Consumers have a cause of action for general Act violations—and the statutory damages that may follow—as well, subject to the Act's dispute resolution procedures. Id. A consumer must notify the business 30 days before initiating their action, identifying the allegedly violated provisions of the Act. Id. If the business cures within this period, providing an “express written statement” to this effect (which statement is enforceable), no action may be brought concerning that cured matter. Id. Exception: no notice is required by an action for actual pecuniary damages. Id.

If 30 days pass without cure, a business is in violation of the Act. §1798.155.

A consumer must also notify the Attorney General (“AG”) within 30 days of filing an action for statutory damages under the Act. §1798.150. Within 30 days following receipt of this notice, the AG must either: (i) notify the consumer of the AG’s intent to prosecute, in which case the consumer may not proceed with their action (however, if the AG doesn’t prosecute within 6 months, the consumer may proceed with their action); or (ii) notify the consumer that they may not proceed with their action. Id. If the AG does nothing within these 30 days, the consumer may proceed. Id.

Any person, business, or service provider who intentionally violates the Act may be liable for a civil penalty of up to seven thousand $7,500 for each violation. §1798.155(b).

Miscellaneous Requirements and Exclusions

-          Businesses must provide at least two methods by which consumers may make the requests for info about their PI detailed above, e.g. a phone number and web address. §1798.130.

-          The 45-day deadline for a response to a consumer request for info about their PI may be extended once by a business for another 45 days when reasonably necessary, provided the relevant consumer is notified of this extension within the initial 45 days. Id. A 90-day extension is also available based on the complexity and numerosity of requests a business receives, as are exceptions to, and even payment terms concerning, this obligation. §1798.145(g).
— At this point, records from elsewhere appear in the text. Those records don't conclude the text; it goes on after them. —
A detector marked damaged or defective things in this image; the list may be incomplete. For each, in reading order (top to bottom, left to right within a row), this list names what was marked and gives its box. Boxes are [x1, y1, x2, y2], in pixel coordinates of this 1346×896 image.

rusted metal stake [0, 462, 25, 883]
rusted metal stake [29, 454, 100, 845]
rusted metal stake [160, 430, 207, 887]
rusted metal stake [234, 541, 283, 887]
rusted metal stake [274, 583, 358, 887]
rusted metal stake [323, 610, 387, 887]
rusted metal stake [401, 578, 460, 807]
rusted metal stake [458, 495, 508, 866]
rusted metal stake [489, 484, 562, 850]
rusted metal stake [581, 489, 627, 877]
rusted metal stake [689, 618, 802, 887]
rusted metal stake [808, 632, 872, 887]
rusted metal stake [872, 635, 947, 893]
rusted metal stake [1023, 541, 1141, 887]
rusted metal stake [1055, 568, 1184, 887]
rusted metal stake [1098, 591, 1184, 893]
-          Businesses' PI disclosures must cover the 12-month period preceding the receipt of consumer’s request. §1798.130.
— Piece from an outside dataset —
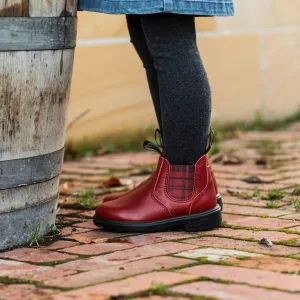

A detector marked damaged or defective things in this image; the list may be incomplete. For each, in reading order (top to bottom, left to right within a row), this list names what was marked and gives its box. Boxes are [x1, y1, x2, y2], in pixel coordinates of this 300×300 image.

chipped paint on wood [0, 0, 29, 16]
-          Businesses must include and update in their privacy policies every 12 months, as necessary: (i) their consumers’ rights; (ii) methods of submitting requests; (iii) the categories of PI they have collected, sold, and disclosed for business purposes in the prior 12 months. Id.
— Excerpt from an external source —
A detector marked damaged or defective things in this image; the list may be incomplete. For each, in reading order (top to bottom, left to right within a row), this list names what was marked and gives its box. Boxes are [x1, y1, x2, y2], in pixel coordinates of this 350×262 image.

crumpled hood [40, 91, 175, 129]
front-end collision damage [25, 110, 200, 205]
-          Businesses must ensure their relevant personnel are adequately informed of the Act’s requirements, and know how to help consumers exercise the rights it provides. Id.

-          Businesses are not obligated to provide a consumer with info on the sales or disclosures of that consumer’s PI more than twice in 12 months. Id.

-          Businesses must “respect” a consumer’s opt-out for at least 12 months before requesting that the consumer revisit their decision and authorize the business’ sale of the consumer’s PI. §1798.135.

-          A consumer may opt-out via a proxy. Id.

-          The Act does not apply to:

o   Consumer information that is “deidentified or in the aggregate consumer information.” §1798.145. ("Deidentified" is defined at §1798.140(h) and "aggregate consumer information" is defined at §1798.140(a).)

o   The collection or sale of PI “if every aspect of that commercial conduct takes place wholly outside of California.” §1798.145(a). Meaning, (i) if the business collected PI while the consumer was out of CA, (ii) no part of the PI sale occurred in CA; and (iii) no PI collected while the consumer was in CA is sold. Id. The Act cautions that this exception does not permit a business to store PI (e.g. on a device) while the relevant consumer is in CA, only to collect that PI once the consumer (and their stored PI) leaves CA. Id.

o   Evidentiary privileges. §1798.145(b).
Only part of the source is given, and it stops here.